EXCERPTED RECORDS:
◇ ◇ ◇ ◇ ◇
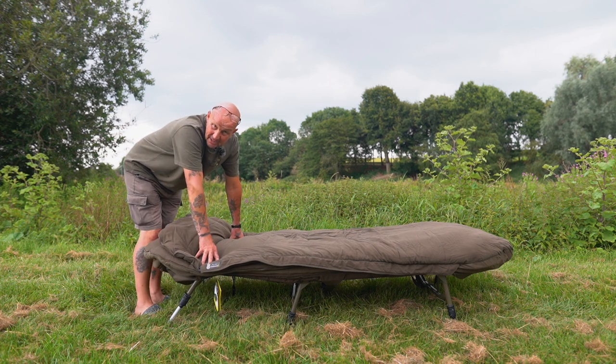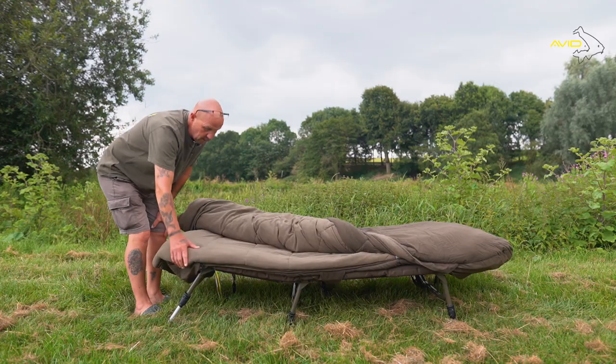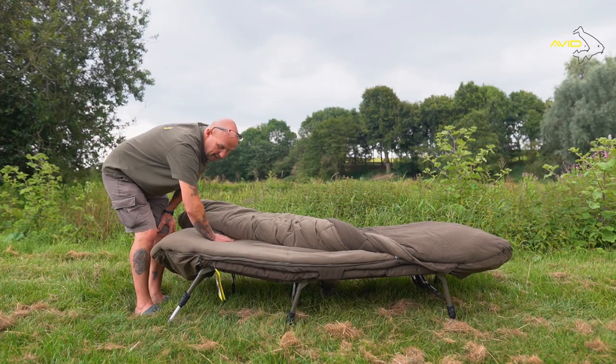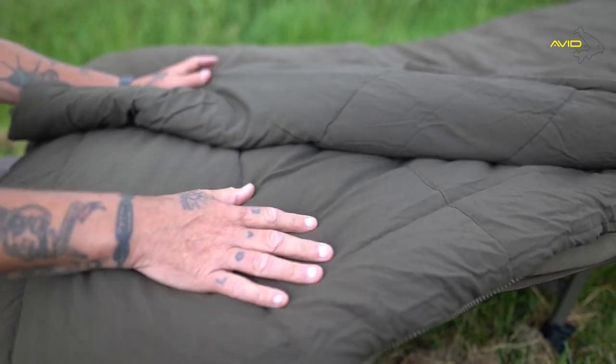Avid's Thermafast sleep bag system. This is a five season. The beauty of this is you've got that lovely fleecy inner on both sides, or you've got that lovely peach skin inner.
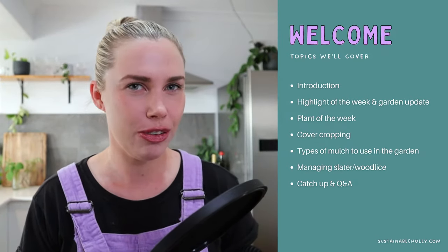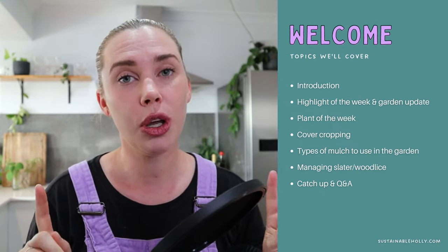Today's episode we're going to be talking all about cover crops, mulching, and slaters. I don't know if you've got slater problems in your garden but I certainly do, so I'll let you know what I'm doing and how I'm overcoming that because I've got some things that are working really well.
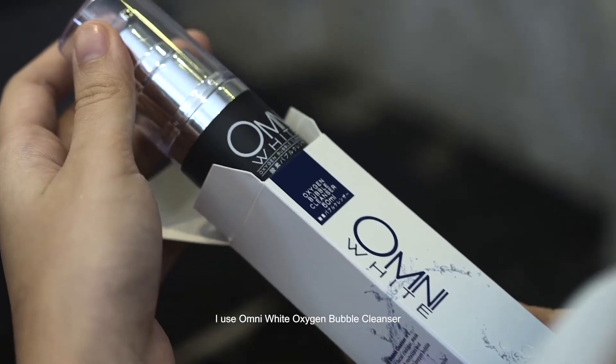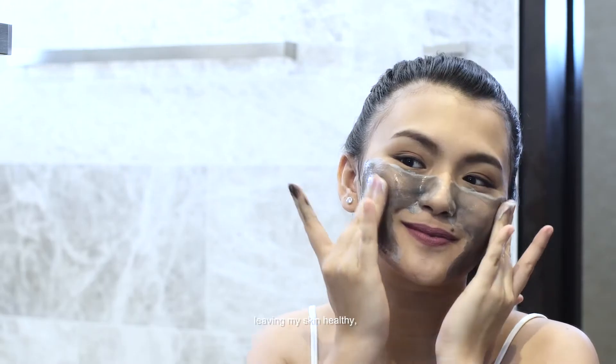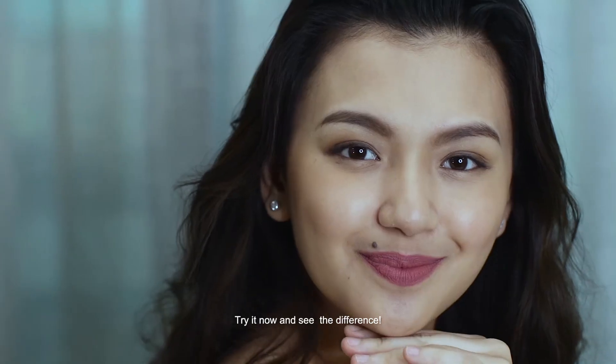After a long day of work, I used Omni White Oxygen Bubble Planter to deep-cleanse my pores, leaving my skin healthy, radiant, and beautiful. What are you waiting for? Try it now and see the difference.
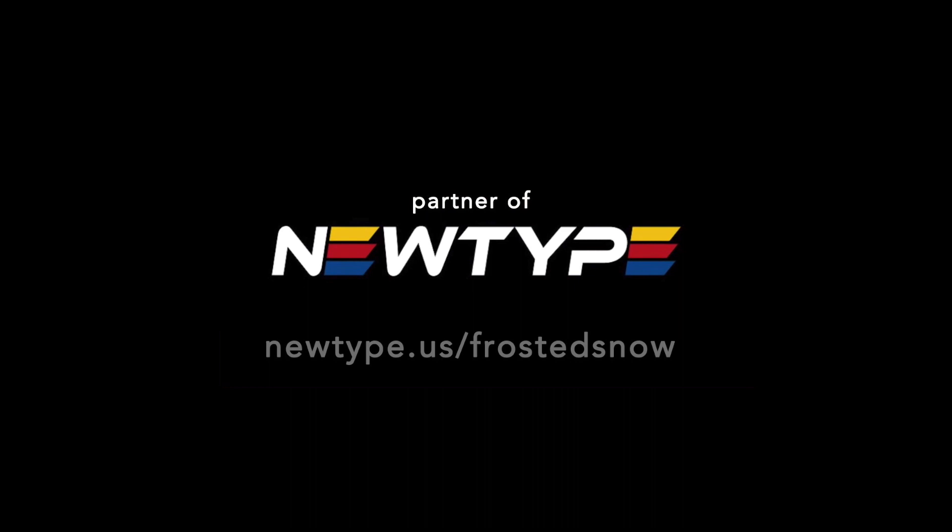Newtype is a fast and reliable source of Gunpla paints and tools shipped internationally. Purchasing with my affiliate link, newtype.us/frostisnow, also helps support me with a small commission.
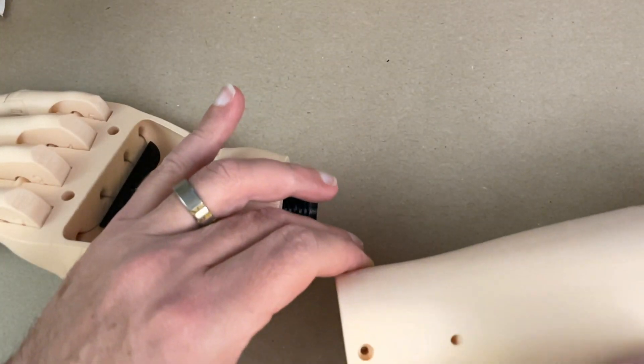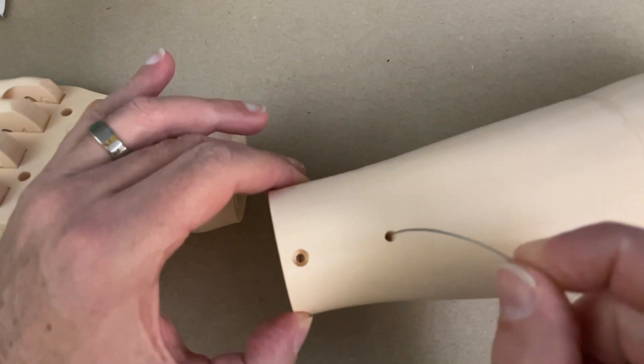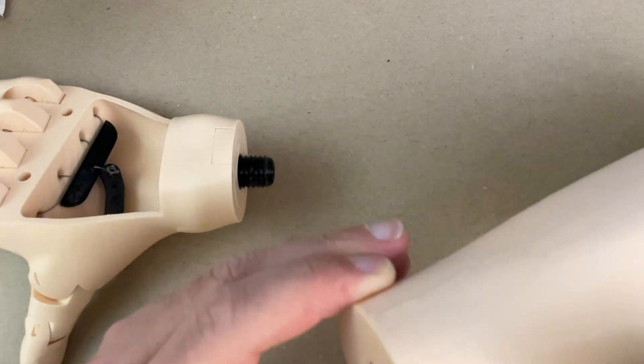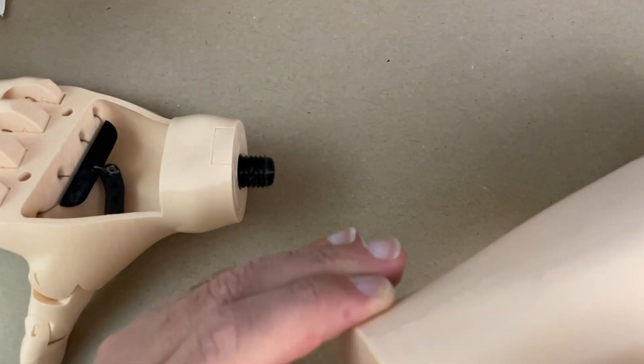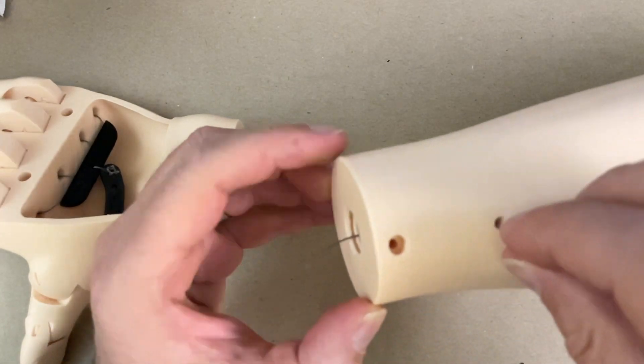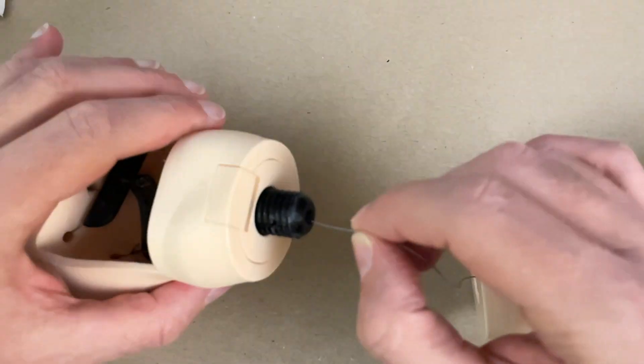Now I'm going to thread the fishing line through the arm. I think it's easier to do before you attach the two together. I can reach through this hole and down through the screw hole pretty easily, and then feed that through the hole in the center of the wrist bolt.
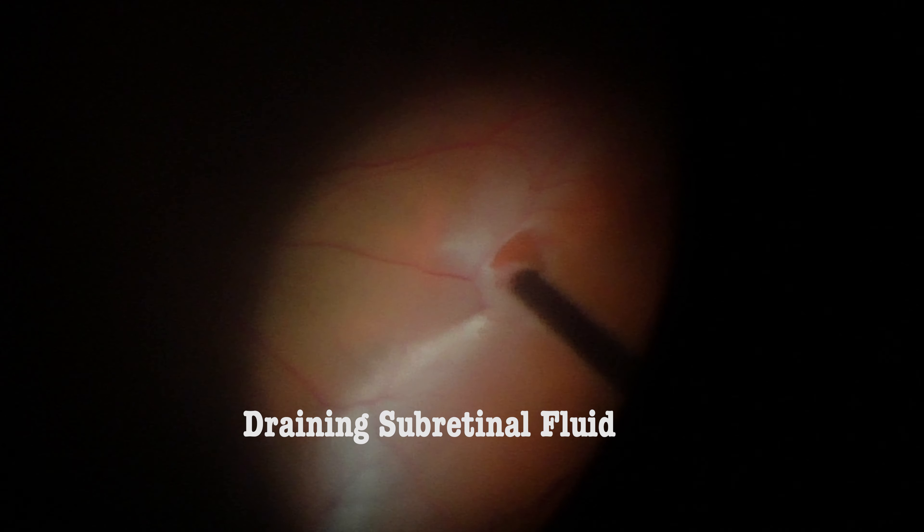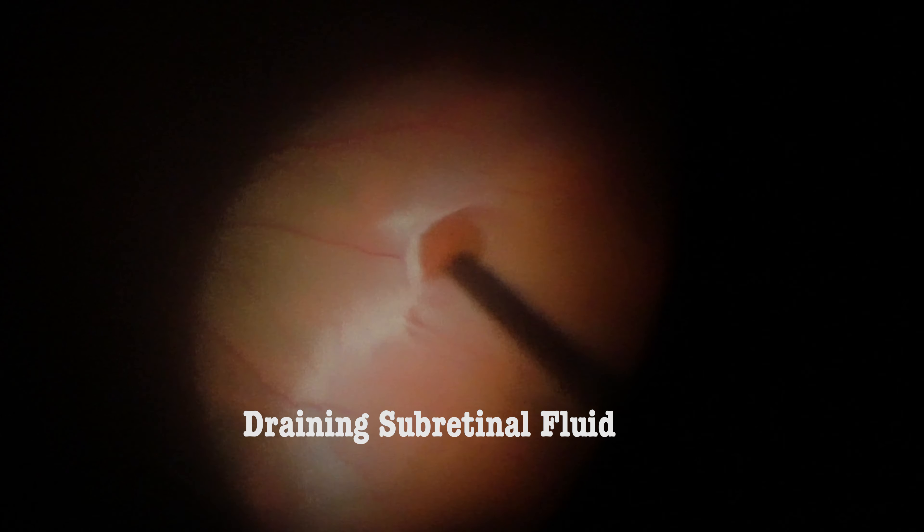Vitreous attachments should be removed thoroughly. I turn the cutter now facing the retina. See that I'm draining sub-retinal fluid through the hole.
◇ ◇ ◇ ◇ ◇
EXERCISE GOAL: In the listing above, find the line containing "After a long" and the line containing "Now I'm going". Reproduce those lines and all between them exactly, with no pictures and nothing more.

COMPLETED TASK:
After a long day of work, I used Omni White Oxygen Bubble Planter to deep-cleanse my pores, leaving my skin healthy, radiant, and beautiful. What are you waiting for? Try it now and see the difference.
Newtype is a fast and reliable source of Gunpla paints and tools shipped internationally. Purchasing with my affiliate link, newtype.us/frostisnow, also helps support me with a small commission.
Now I'm going to thread the fishing line through the arm. I think it's easier to do before you attach the two together. I can reach through this hole and down through the screw hole pretty easily, and then feed that through the hole in the center of the wrist bolt.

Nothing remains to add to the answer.